As community folk gathered on a couple of corners of Second Street to watch the action, a caravan of black vehicles roared through a stoplight with their emergency lights blinking. Slamming to a stop, actors clad in vests with the sheriff stenciled across the front came out with guns drawn while a couple hid behind a parked vehicle.
Kori Anderson of the Bitter Root Land Trust had a front-row seat for the filming of the scene from inside her office.
“It’s been kind of funny to watch,” Anderson said. “They do the same thing over and over again and film it from different angles. It’s kind of fun to see that other side of the films that I normally wouldn’t have seen if it hadn’t been filmed right in front of our office.”
“There have been a lot of spectators,” Anderson said.
Hamilton Downtown Association director Claire Kemp has been one.
“I think it’s very exciting for Hamilton,” Kemp said. “It’s brought a lot of excitement to downtown. A lot of the people who are standing around are extras, but there are people from the community too. I came down to watch.”
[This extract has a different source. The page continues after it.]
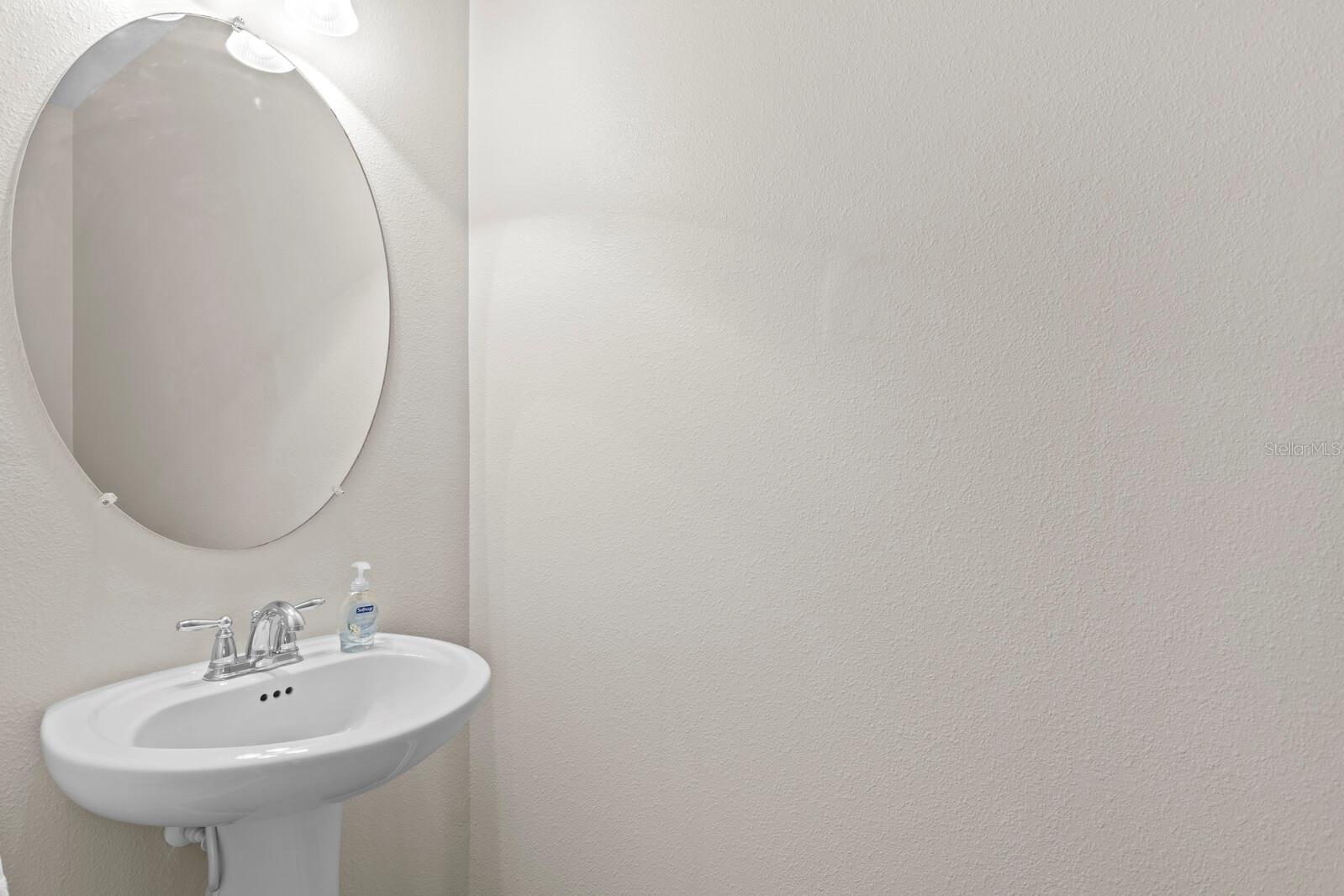 SOUTH HAMPTON - Residential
Members of the "Yellowstone" production company reached out to Kemp several months ago about the possibility of filming in downtown Hamilton.
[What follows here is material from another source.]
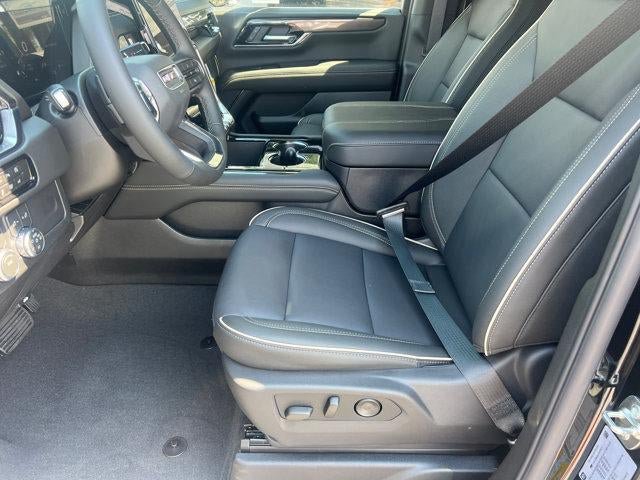 New 2026 GMC Yukon Elevation RWD image 9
“They really wanted to be good neighbors,” Kemp said. “They’ve compensated a little bit to the businesses that had to close, and they have donated to the Hamilton Business Relief Fund.”
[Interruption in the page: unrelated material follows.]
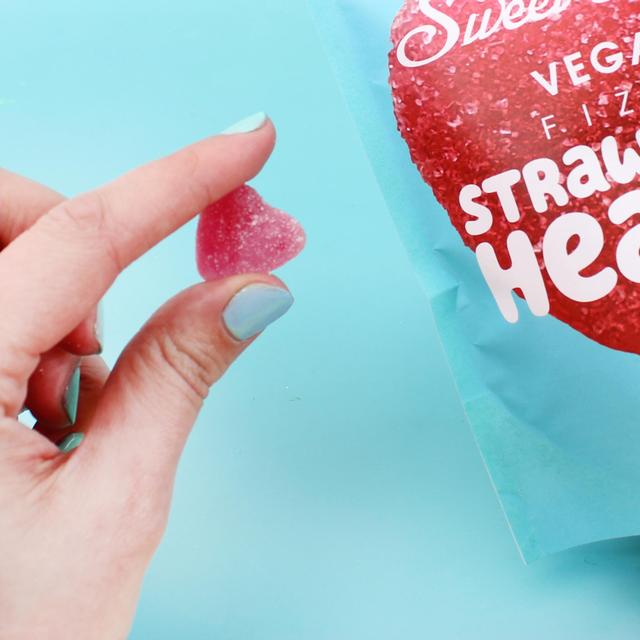 Sweet Lounge Vegan Fizzy Strawberry Hearts   130g GOODS M&S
She knows that’s brought some much-needed revenue to downtown business as well.
“I’ve chatted with a couple of business owners who said there had been quite a bit of foot traffic through their businesses today,” she said. “I watched all the crew eating to-go food, which they had to buy somewhere local. I would imagine that it has inconvenienced some with traffic and parking, but more than anything, it’s very exciting.”
“It’s putting Hamilton on the map on a very popular TV show,” Kemp said. “Most of what I’ve heard has been good. I think it’s been well received.”
Bitterroot Valley Chamber of Commerce director Al Mitchell agrees the production of "Yellowstone" has offered good exposure for the community.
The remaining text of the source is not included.